A opinião de ...

D. Afonso Henriques em Zamora!

Mediante iniciativa da Grã Ordem Afonsina, sediada em Guimarães, no pretérito 29 de abril foi inaugurada uma estátua do primeiro rei de Portugal nos jardins da Fundación Rei Afonso Henriques, na cidade de Zamora, congénere da Fundação Rei D. Afonso Henriques de Bragança. A estátua em granito, da autoria do escultor vimaranense Dinis Ribeiro, tem mais de quatro metros de altura e assenta num plinto com quase dois metros. Representa um jovem D. Afonso Henriques com 14 anos, ambas as mãos firmadas no punho de uma espada em forma de cruz, cabeça baixa e ar compenetrado, momentos antes de se fazer armar cavaleiro na catedral de Zamora. À parte os discutíveis atributos escultóricos, estéticos e de representatividade do Fundador de Portugal, regressemos ao tempo histórico.

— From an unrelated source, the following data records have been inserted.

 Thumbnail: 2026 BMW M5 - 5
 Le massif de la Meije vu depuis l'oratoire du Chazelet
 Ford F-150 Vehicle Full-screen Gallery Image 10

Filho do conde borgonhês D. Henrique, responsável pela governação do condado Portucalense em nome do rei de Leão Afonso VI, e da condessa D. Teresa, filha deste, D. Afonso Henriques nasceu entre 1109 e 1111, segundo a tradição em Guimarães. Reza a lenda que D. Henrique, no leito de morte em Astorga, aconselhou o filho com estas pungentes palavras: «Filho toda esta terra que te eu leixo d’Estorga atta alem de Coimbra nom percas ende huum palmo qua eu a ganhey. E filho toma do meu coraçam algum tanto que sejas esforçado e sey conpanheyro a filhos d’algo. E da lhes todos seus direitos. E aos concelhos faze lhes honra. E a guissa como ajam direitos asi os grandes como os pequenos. E por rogo nem por cobiça nom leixes a fazer justiça ca se huum dia leixares de fazer justiça huum palmo em houtro dia se arredara de ti hua braça de teu coraçam. (…)». D. Afonso Henriques tinha cerca de três anos e é a mãe, D. Teresa, quem assume a governação condal, numa altura em que Lisboa estava em poder dos almorávidas e que estes, em 1111, tomaram Santarém.

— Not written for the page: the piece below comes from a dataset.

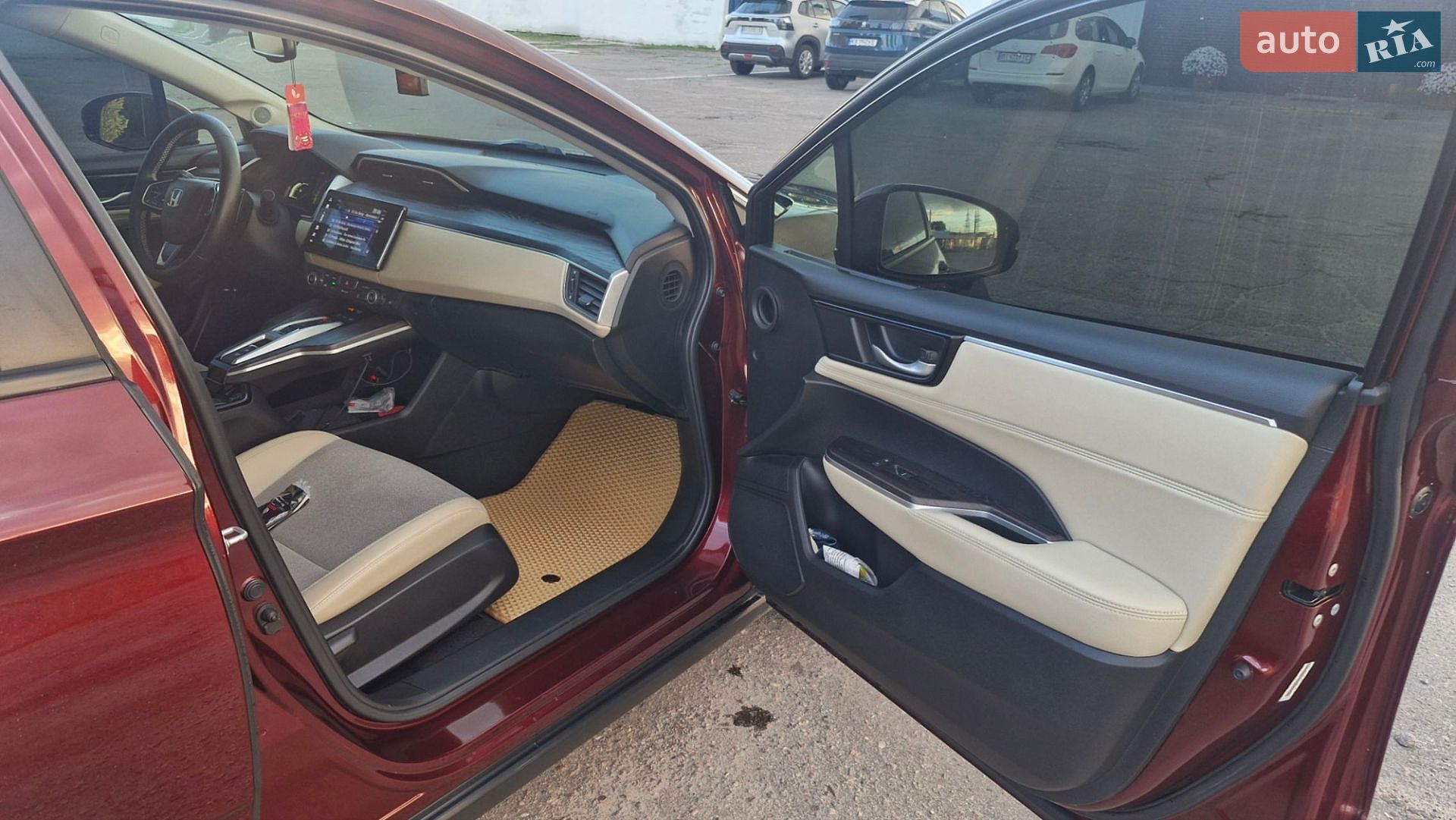 Honda Clarity 2018 VIN JHMZC5F10JC022526 фото оголошення 18 з 35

Inicialmente, D. Teresa pautou-se pelo engrandecimento do condado e a procura de autonomia face à Galiza e ao próprio reino de Leão. Para o efeito, apoiou-se na classe senhorial de Entre Douro e Minho e no arcebispado de Braga. Contudo, a partir de 1121 orienta-se politicamente para a importante família galega dos Trava e o influente arcebispo de Santiago de Compostela, D. Diogo Gelmires, ambicionando a unicidade dos estratos populacionais e a disputa do poder leonês a sua irmã Urraca, que tutelava o reino por morte do pai. Acontece que tais disposições chocaram com as famílias portucalenses, contrárias a subalternização à Galiza, numa altura em que o condado legado por D. Henrique estava territorial, política e socialmente fundamentado. Pretensões que esbarraram também em D. Paio Mendes, arcebispo de Braga, que procurava a individualização do arcebispado face ao de Compostela, no contexto peninsular. A partir do momento que Bermudo e Fernando Peres de Trava se fixam no território portucalense e partilham com D. Teresa a governação do condado, a situação acicata-se. A rutura acontece quando a classe senhorial portucalense assumiu o príncipe D. Afonso Henriques como aquele que fundamentaria um projeto de futuro autonomista, face à Galiza e a Leão. Para o efeito, urgia afastar D. Teresa, que se tornou pouco fiável, e os Trava, vistos como estrangeiros à terra. D. Paio Mendes uniu o clero e deu o assentimento. É neste contexto que D. Afonso Henriques se arma a si próprio cavaleiro, na catedral de Zamora, provavelmente em 1125: corria o dia 13 de maio, dia de Pentecostes, quando «tomou de cima do altar as armas militares, vestiu-se e cingiu-se a si próprio diante do altar, como é costume fazerem os reis. Vestiu-se com a armadura como o Gigante, pois era grande de corpo, e cingindo-se a si próprio com as armas para as batalhas».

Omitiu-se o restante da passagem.